Hay quienes sostienen que este abultado número de asesinatos tiene que ponerse en perspectiva ya que, por ejemplo, en Brasil ocurren más muertes asociadas con la violencia. Este argumento es poco convincente y cuando menos sabemos según el refrán que mal de muchos, consuelo de tontos
.
Algo ocurre en la sociedad mexicana y algo grave que ha llevado recientemente el asesinato a una dimensión que convendría no perder de vista en aras de comparaciones que pueden ser espurias y de interpretaciones que tienen un propósito político implícito.
No se trata ya de asuntos como la excelente trama del Ensayo de un crimen que ocurre en un barrio como la colonia Roma; tampoco tiene que ver con la pasión desatada por Goyo Cárdenas, el estrangulador de Tacuba o con el sonado caso del asesinato cometido por un joven en contra de sus propios abuelos en la exclusiva zona de las Lomas de Chapultepec. Este tipo de asesinatos se han documentado por todo el país de manera continua y no de modo poco cruento en los diarios de las ciudades y sobre todo en aquel famoso Alarma!
Comparado con los asesinatos que ahora ocurren, esos casos parecen de una esencia distinta, tanto por sus motivaciones como por sus métodos. Los asesinatos del llamado crimen organizado se documentan a diario y prácticamente nadie ignora su existencia, pocos desconocen algunos de sus métodos y nadie puede ignorar la marca que los define o la estela que dejan.
Pero el registro que se hace de estos delitos no se integra en la concepción de lo que significan para la supervivencia de alguna forma sostenible y decente de existencia colectiva y de organización social en torno del Estado. Este está vapuleado por su incapacidad de someter la violencia desatada e imponer la seguridad en el marco de la ley y los derechos ciudadanos.
En Juárez, los asesinatos que durante años se han perpetrado en contra de mujeres ha calado en la conciencia colectiva, pero todavía no modo decisivo como para convertirse en una cuestión central de la relación de la sociedad con su gobierno en torno de la inseguridad pública, la falta de las responsabilidades adquiridas, de la rendición de cuentas y la forma fallida en que se administra la justicia.

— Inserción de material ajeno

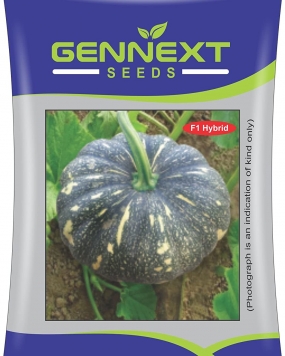 GENNEXT SEEDS F1 Hybrid Pumpkin Seeds (Pack of 2)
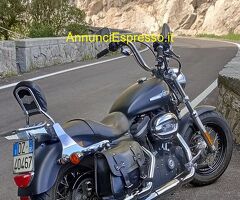 HARLEY-DAVIDSON 1200 Denim limited Custom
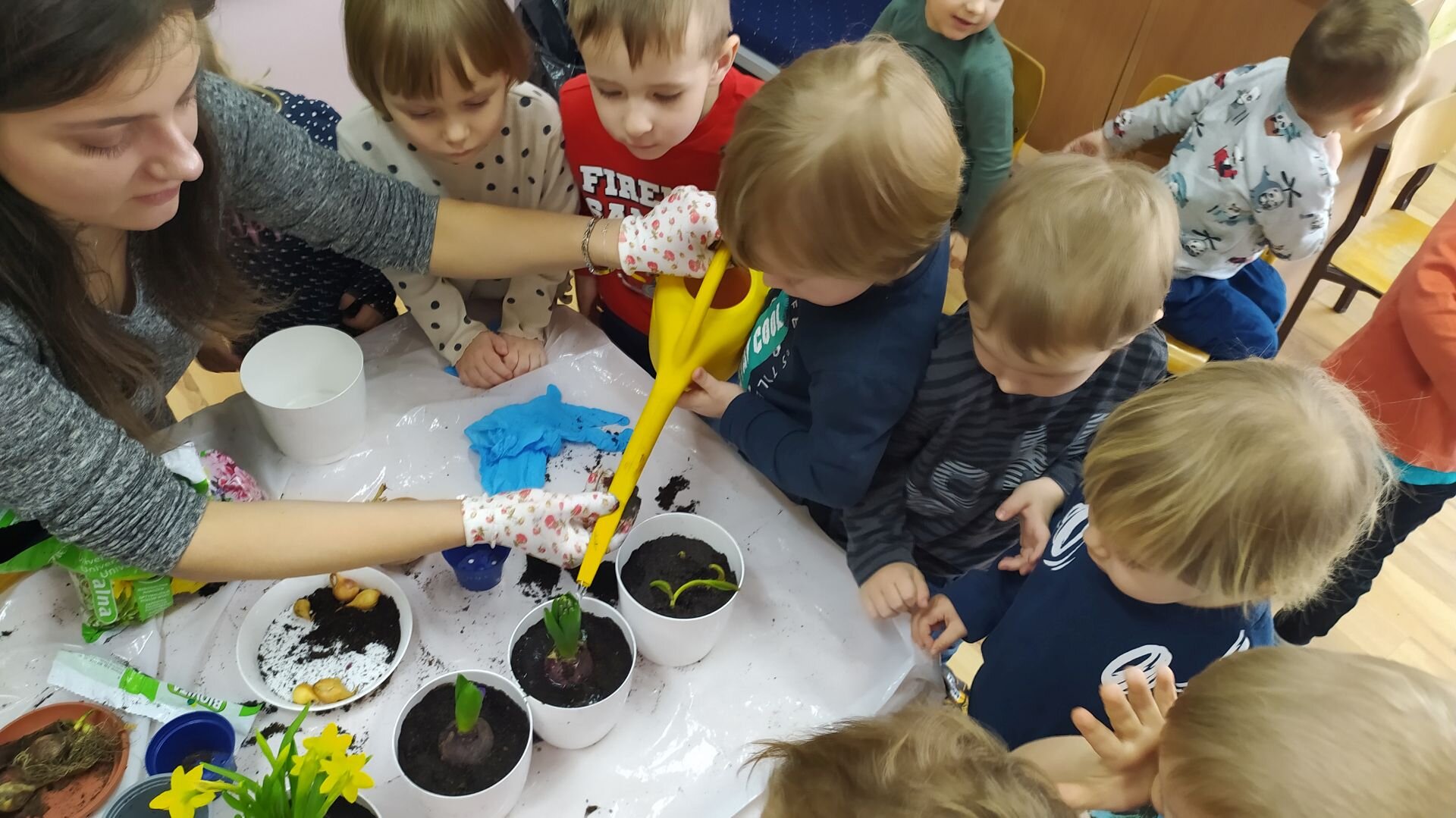 Sadzenie cebulek wiosennych kwiatów (7)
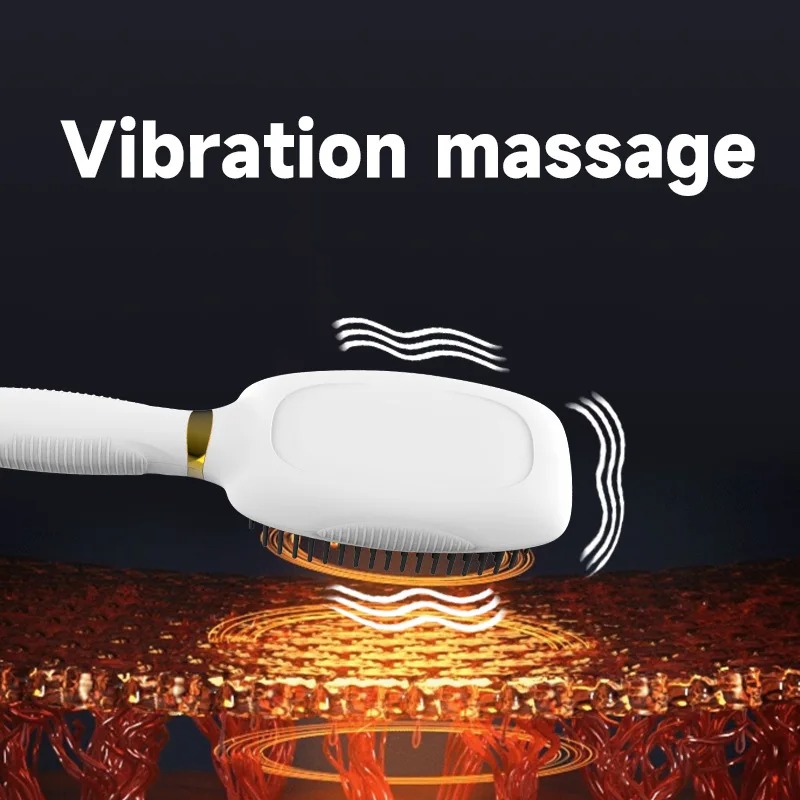 Electric Anti static Hair Comb - đánh giá và giá Hair Care For Hair Growth
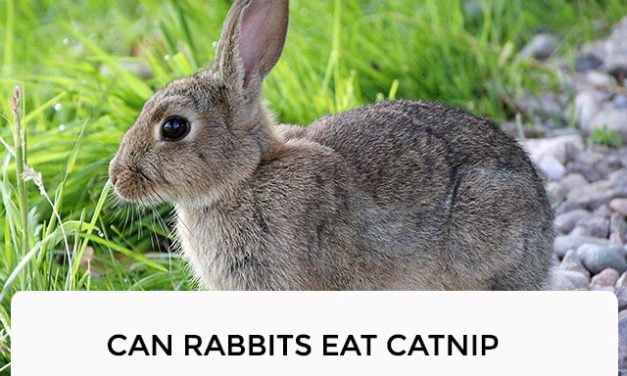 Can Rabbits Eat Catnip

El de Juárez es un asunto que pone en perspectiva el tema de Larsson, según el título en castellano del primer libro de su trilogía: Los hombres que no amaban a las mujeres. Aquí ya no se trata de desamor, sino de algo mucho más profundo y grave, cuyo sustrato y significado no se puede seguir eludiendo.
Y menos aun puede eludirse luego del asesinato a mansalva de Marisela Escobedo en la plaza de Chihuahua, junto al mismo palacio de gobierno. Uno más de la larga serie. Su delito era exigir justicia por el crimen de su hija cuyo asesino confeso había sido exonerado en un juicio hace unos meses.
Marisela será, tal y como puede advertirse por el carácter de estos crímenes y el modo de operar de la justicia, un número más entre las asesinadas. Y será así en tanto sigamos sumidos en una pasividad pasmosa como ciudadanos, en un sometimiento de facto por parte de los grupos criminales que asedian al país, por unas autoridades incompetentes, medios de comunicación acomodadizos, y elaboraciones relativistas de los males sociales y económicos que definen a este país. En fin, será así mientras prevalezca un sistema de impunidad rampante.